Anxiety How To Overcome
Have you ever felt your chest tighten before a meeting or found your mind looping through worst-case scenarios at night? That knot in the stomach, the restless mind, the sudden urge to escape — these are familiar experiences for many of us. This guide offers a therapist’s perspective: calm, practical, and compassionate. It presents tools you can try right away, habits that build resilience over time, and clear signs for when to seek professional help.
This is educational material, not a diagnosis or a substitute for individual therapy. If anxiety is making it hard to work, care for yourself, or keep relationships, or if you have thoughts of harming yourself, please seek immediate help from local emergency services or a mental health helpline.
What anxiety means
When people say "anxiety" they often mean a mix of future-focused worry, physical tension and a sense of being on edge. Sometimes it’s short lived — nerves before a speech or an exam. Other times it becomes a recurring pattern that disrupts sleep, concentration and daily life.

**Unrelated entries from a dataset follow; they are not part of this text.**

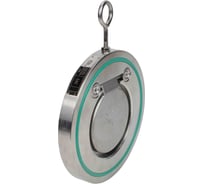 Клапан обратный DN.ru 304-304-VITON-Fb Ду100, Ру40, лепестковый одностворчатый D100-03753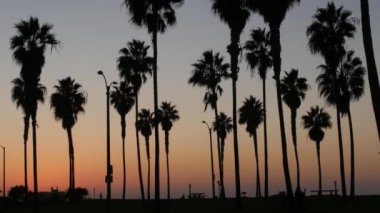 Turuncu ve mor gökyüzü, Kaliforniya sahillerinde, gün batımında, plajda palmiye ağaçlarının siluetleri. San Diego 'daki sahil parkı, Mission plaj tatil beldesi. İnsanlar akşam karanlığında yürüyorlar.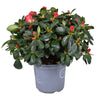 Flowering Azalea | Red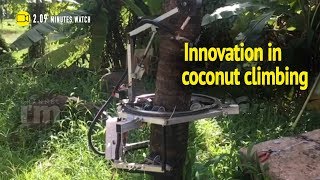 Kera Harvester: harvesting coconut through robotic tree climb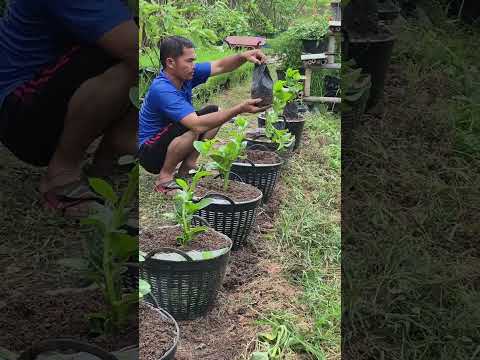 กิจกรรมที่สวนหลังบ้านชวนทุกคนมาปลูกผักปลัง #เกษตร #เกษตรผสมผสาน #farming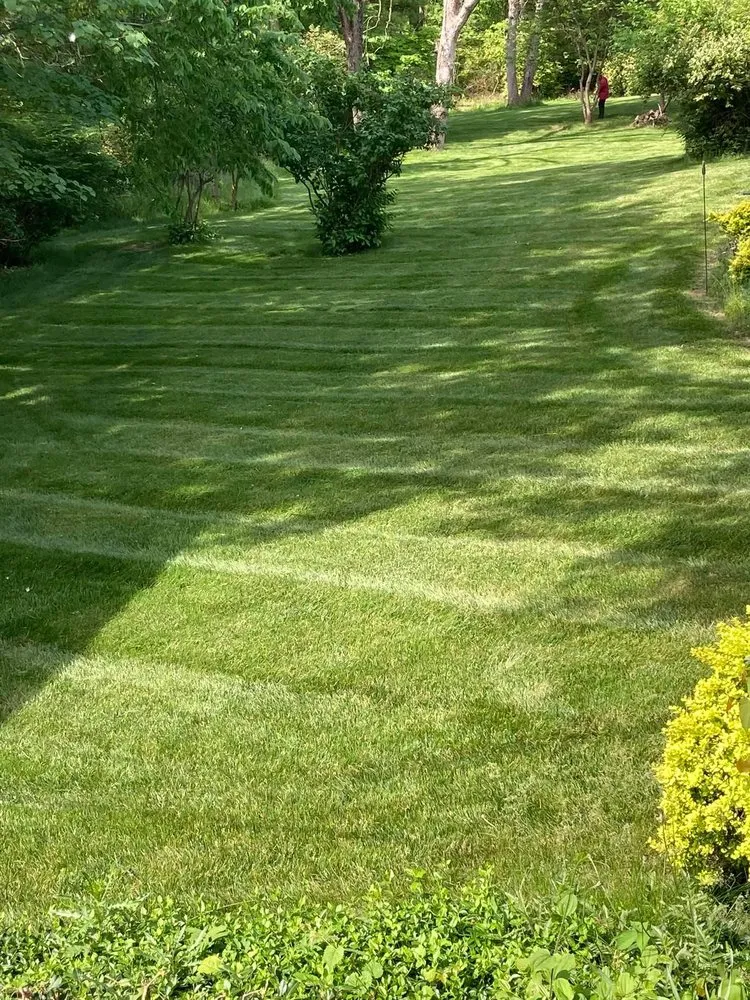 Local landscape installation in Englewood, OH - DW Lawn and Landscaping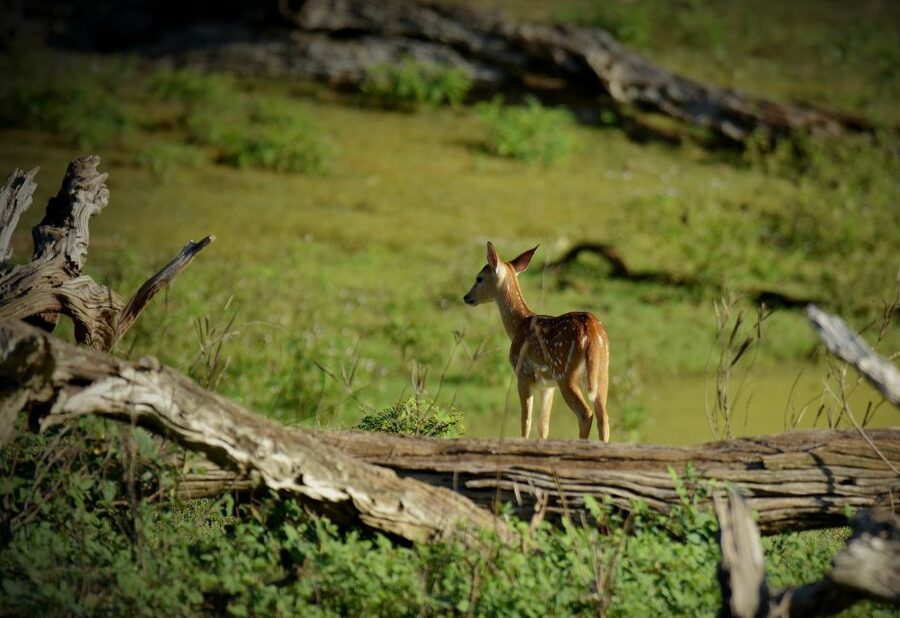 Kathmandu/Pokhara: Wildlife, Culture and Jungle Safari Tour - The elephant center and an important ethical choice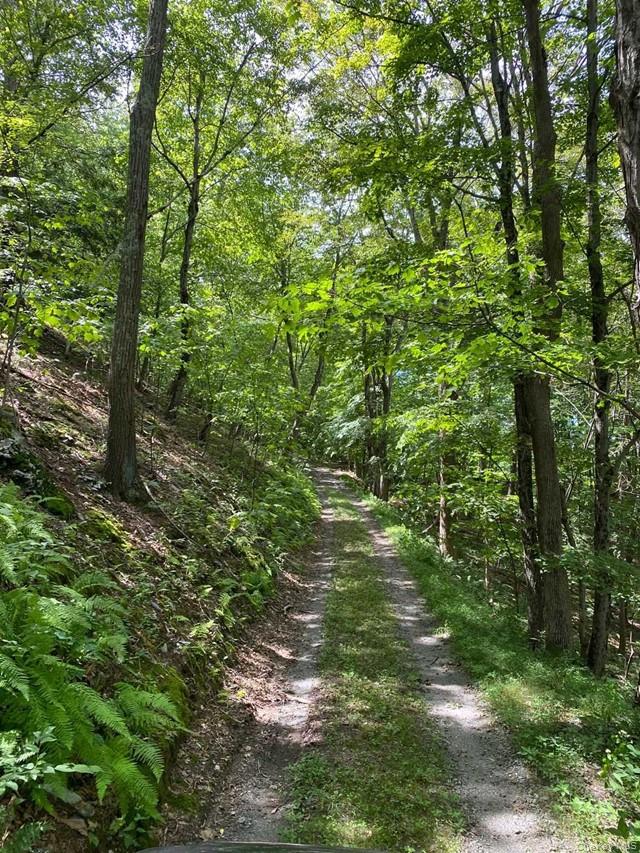 Mile High Road – For Sale photo 3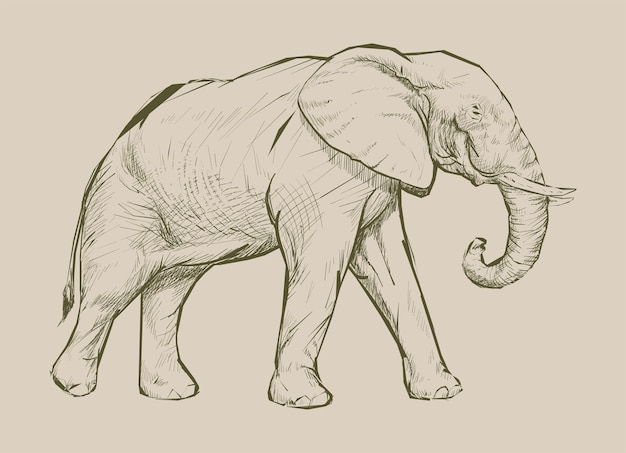 Illustration drawing style of elephant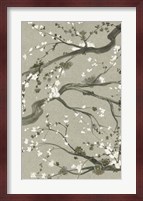 Neutral Cherry Blossoms II Fine Art Print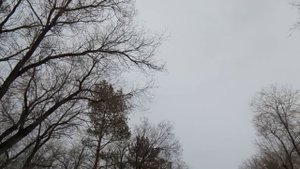 Квартиру с вами делить не стану, Наталья Николаевна! - ?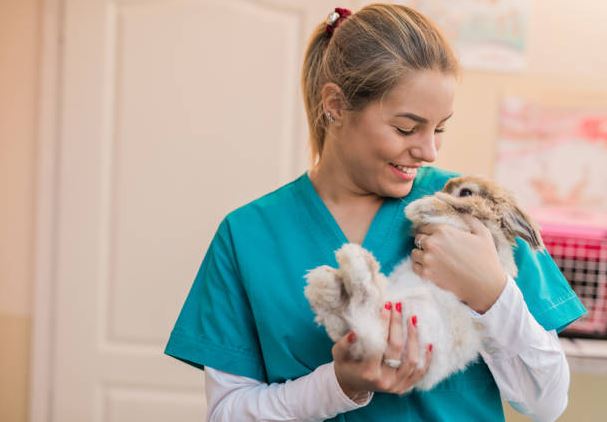 Be handy with the vet number Prepare yourself for pet rabbit,pet rabbit,Preparing for First Rabbit,pet rabbit, cute rabbit,rabbit care,pet rabbit care,owning a rabbit,rabbit needs,Rabbit care tips, care of rabbits
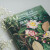 森林之花：玛格丽特·米的植物学笔记（邱园英国皇家植物园出品 哈佛大学教授一致推荐) 京东正版现货 森林之花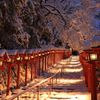 【京都】寒さの中でしか出合えない景色にうっとり。冬ならではの観光スポット9選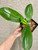 Phalaenopsis tetraspis f. livida 'Faerie's Little Sister' example of plants for sale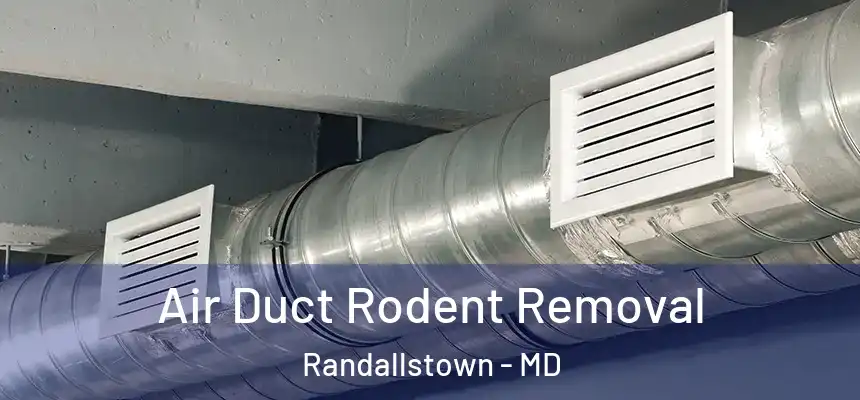 Air Duct Rodent Removal Randallstown - MD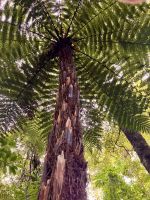 Der Silberfarn Baum &ndash; &copy; Elisabeth Fox-Maerki (Eberhardt TRAVEL)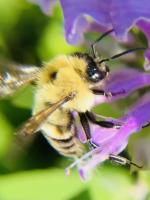 View photo in a new window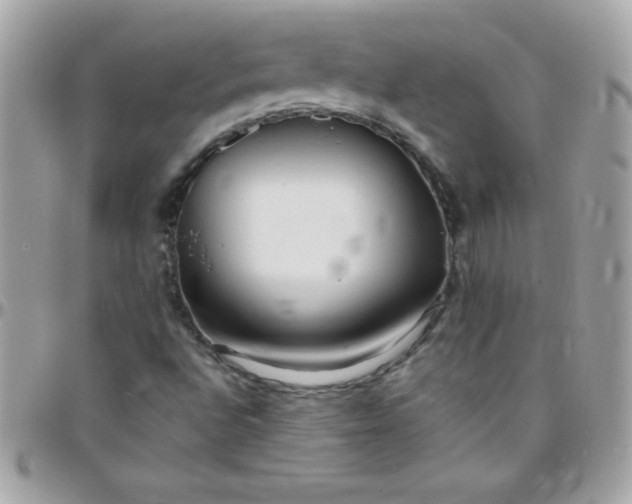 X0000097751496200803211640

Overcoming anxiety rarely means never feeling anxious again. Instead, it usually means developing skills to manage anxiety so it causes less interference. Think of it like learning to steer through rough weather rather than trying to stop all storms.
Common triggers and mind–body signs
Triggers can be ordinary things made larger by context. In India, for many people this may include the pressure of board exams or entrance tests, long and crowded daily commutes, high expectations in competitive workplaces, tensions within joint households, or sudden financial worries. A health scare from a headline or a family member’s illness can also spark a worrying spiral.
Anxiety shows up in both body and mind. You might notice a racing heart, breathlessness, sweating, trembling, digestive discomfort or lightheadedness. Mentally, anxiety may look like agitation, difficulty concentrating, intrusive "what if" thoughts, or trouble falling and staying asleep. Because the body and mind are connected, calming one often helps the other.
Grounding and coping tools for difficult moments
What helps in a moment of high anxiety is simple and concrete. These techniques are discreet enough to use on a train, in class, at work or in a public line.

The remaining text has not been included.